In one embodiment of the invention, multiple data sources describe same human subject.It is to say, many numbers
Source according to source can be different, but are both needed to describe same things, as described people, company etc..
Specifically, each data source can be a feature width table, including multiple data records, each data
Record also includes major key and multiple eigenvalue;It addition, each data source can also be the narrow table of multiple feature, use
In multiple eigenvalues of description same things, now also need to merge to generate a feature multiple narrow tables
Wide table, for the representation of multiple data sources, embodiments of the invention do not limit.

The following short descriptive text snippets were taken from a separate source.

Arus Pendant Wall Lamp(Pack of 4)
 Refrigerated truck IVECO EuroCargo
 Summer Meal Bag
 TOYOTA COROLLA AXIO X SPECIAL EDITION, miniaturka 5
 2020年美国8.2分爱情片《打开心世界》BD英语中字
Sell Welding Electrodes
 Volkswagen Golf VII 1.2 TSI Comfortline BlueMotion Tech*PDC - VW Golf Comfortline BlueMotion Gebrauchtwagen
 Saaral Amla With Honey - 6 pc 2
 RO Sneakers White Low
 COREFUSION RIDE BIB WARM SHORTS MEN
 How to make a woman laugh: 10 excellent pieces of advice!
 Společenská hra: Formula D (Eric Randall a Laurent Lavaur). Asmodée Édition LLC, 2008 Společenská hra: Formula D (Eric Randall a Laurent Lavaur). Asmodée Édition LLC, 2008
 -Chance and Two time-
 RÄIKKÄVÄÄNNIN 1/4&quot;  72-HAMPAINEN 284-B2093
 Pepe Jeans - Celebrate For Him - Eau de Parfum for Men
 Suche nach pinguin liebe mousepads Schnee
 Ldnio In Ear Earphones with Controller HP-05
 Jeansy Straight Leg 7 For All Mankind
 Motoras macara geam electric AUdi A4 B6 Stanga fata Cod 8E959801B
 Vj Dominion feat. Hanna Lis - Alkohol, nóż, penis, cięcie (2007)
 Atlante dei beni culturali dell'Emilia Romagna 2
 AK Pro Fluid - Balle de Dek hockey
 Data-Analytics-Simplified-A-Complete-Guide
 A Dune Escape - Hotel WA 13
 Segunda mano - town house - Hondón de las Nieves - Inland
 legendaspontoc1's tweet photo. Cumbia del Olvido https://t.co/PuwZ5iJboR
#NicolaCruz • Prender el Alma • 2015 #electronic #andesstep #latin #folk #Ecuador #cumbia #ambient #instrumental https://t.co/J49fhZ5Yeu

In conjunction with Fig. 5 for example, data source 1, data source 2 ..., data source N etc. can be obtained multiple
Data source (N is the positive integer more than 2).Data source 1 can be A industry personage, and data source B is permissible
For B enterprise personage etc., such as, a data source 1 can be as shown in table 1, and data source 2 can be as
Shown in table 2.Should be understood that Tables 1 and 2 is lifted only for the data source of the convenient explanation embodiment of the present invention
Example, can not be as the restriction to the embodiment of the present invention, in actual utilization, and the feature dimensions of data source
Degree is basic more than 100, the most up to ten thousand, and the number of data source is more than two.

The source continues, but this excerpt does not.